In the current Linux kernel, this is implied by the lock-less list (llist) APIs, which use atomic operations plus full barriers. The IPI request is queued to list by llist_add(). Then in the IPI handler, llist_del_all() can ensure that the node just added is fetched. (old kernel versions use spinlock instead)
void __smp_call_single_queue(int cpu, struct llist_node *node) { ... /* * The list addition should be visible to the target CPU when it pops * the head of the list to pull the entry off it in the IPI handler * because of normal cache coherency rules implied by the underlying * llist ops. * * If IPIs can go out of order to the cache coherency protocol * in an architecture, sufficient synchronisation should be added * to arch code to make it appear to obey cache coherency WRT * locking and barrier primitives. Generic code isn't really * equipped to do the right thing... */ if (llist_add(node, &per_cpu(call_single_queue, cpu))) send_call_function_single_ipi(cpu); }
There's an another synchronization before writing X2APIC registers to make stores globally visible.
A barrier mfence+lfence is required before sending IPI over X2APIC because writing x2APIC MSRs is not a serializing instruction on Intel CPUs. The mfence drain store buffer, and the lfence drain ROB.
AMD CPUs don't need a fence before writing x2APIC/TSC_DEADLINE MSRs because WRMSR is not relaxed by AMD.
Here is the code in the Linux kernel when triggering IPI for cross-core function call. It has "mfence; lfence" before sending IPI to the target CPU. For AMD CPUs, the weak_wrmsr_fence() is a nop.
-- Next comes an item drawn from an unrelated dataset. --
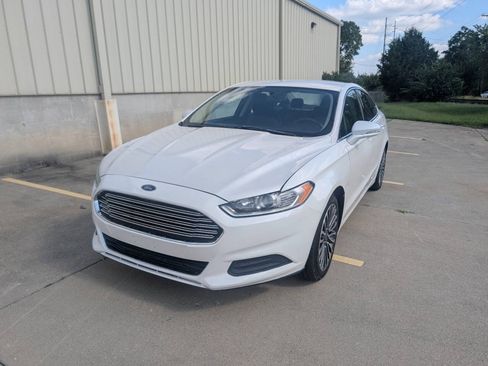 Used 2017 Ford Fusion SE w/ Fusion SE Technology Package FWD image 1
static void x2apic_send_IPI(int cpu, int vector) { u32 dest = per_cpu(x86_cpu_to_apicid, cpu); /* x2apic MSRs are special and need a special fence: */ weak_wrmsr_fence(); __x2apic_send_IPI_dest(dest, vector, APIC_DEST_PHYSICAL); } /* * Make previous memory operations globally visible before * a WRMSR. * * MFENCE makes writes visible, but only affects load/store * instructions. WRMSR is unfortunately not a load/store * instruction and is unaffected by MFENCE. The LFENCE ensures * that the WRMSR is not reordered. * * Most WRMSRs are full serializing instructions themselves and * do not require this barrier. This is only required for the * IA32_TSC_DEADLINE and X2APIC MSRs. */ static inline void weak_wrmsr_fence(void) { alternative("mfence; lfence", "", ALT_NOT(X86_FEATURE_APIC_MSRS_FENCE)); }
By the way, a similar barrier on aarch64 is dsb ishst.